Monday, April 16, 2012
3934
is it a frivolous luxury to believe that you can do whatever you want?
life overlaps are interesting to me. sometimes i think that my older self, Self 27, will collide with Self 9 or Self 6 in the same places where she once walked, or rode a bike, or sat by a fountain and read books from the imaginarium.
sometimes i think certain spaces will always be mine. i think, would i believe someone if they told me that one day, that space would no longer be mine? would no longer be open, or safe? there are some spaces that i thought were immune to loss. like misplacing a mountain -- impossible, improbable, unthinkable.
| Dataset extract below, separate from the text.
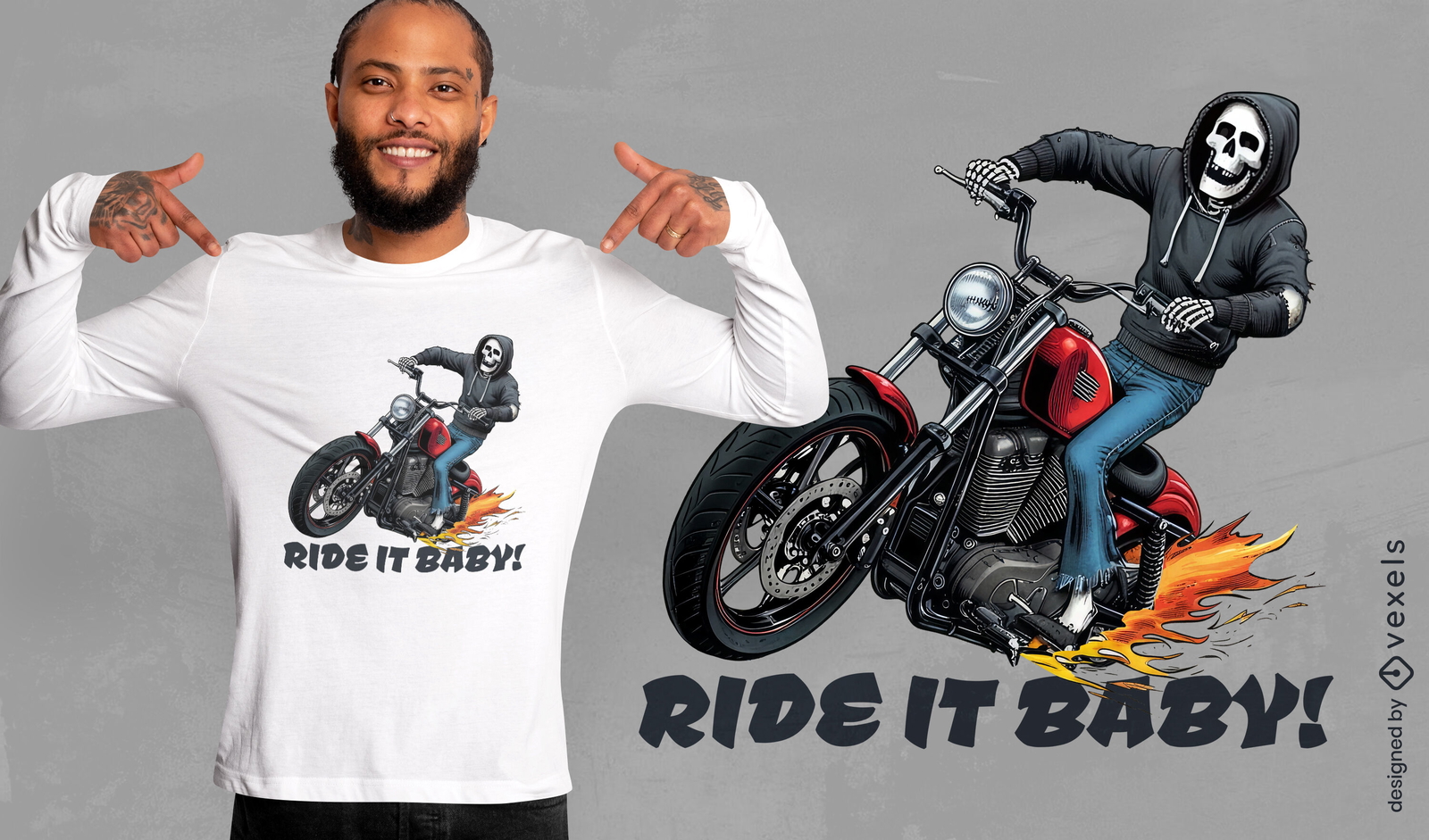 Diseño de camiseta de motociclista con esqueleto intrépido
visiting old spaces that used to me mine is like walking on an indian burial ground. i want to take off my shoes, i want to respect Self 6 who still plays there, i want to feel the ground again as i did when I was self 3. i want to see if the bricks are the same, if the windows have people inside of them, i want to know what kind of life they have in those walls. i want to know where they drive that car, why they need so much space and what they carry in the trunk. i want to know if the rose paint is still stuck to the walls, under that layer of sage and terracotta. i want to know if the lemon tree is still in back yard next to tchaikovsky's grave -- i wonder if they even know he is in there. i want to know if there is a bald patch where adam and eve's clay faces used to peek out of the ivy wall -- if they also keep a key hidden there in case someone forgot, in case the door slammed shut in the wind. i want to know if it smells like chlorine, like martinelli's apple juice, or spider webs on light gray linoleum lawn furniture. i want to know if the garage smells like cardboard, like bungee cords, like sun-faded beach towels.
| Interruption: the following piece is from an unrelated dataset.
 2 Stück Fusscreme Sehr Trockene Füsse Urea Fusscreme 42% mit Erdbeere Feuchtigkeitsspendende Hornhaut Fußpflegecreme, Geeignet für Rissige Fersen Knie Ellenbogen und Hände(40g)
is that little apartment under the stairs -- the one he built for tigger -- still there? do they know all of the little secrets of the house -- where the poem is buried, where the chalk drawing was erased, where the bubble fell and bounced down the stairs into a pile of shattered glass? do they know that the piano was played for hours, antiques and jelly beans bartered and sold for pencil-drawn currency on notepads -- stacks of notepads -- little novelties of a more organized life -- an ironic vacation -- held together with a red wax strip?
do they remember the parties -- with salmon, with lamb, with a sauce that burned and shoes baking in the oven? what about the white pig that sat on a pink marble counter top, scarred and spotted from years of scotch tape and reminders, missed phone calls and dates, codes and account numbers?
what about mary? her socks leaving dark shaded marks on the butter yellow carpet?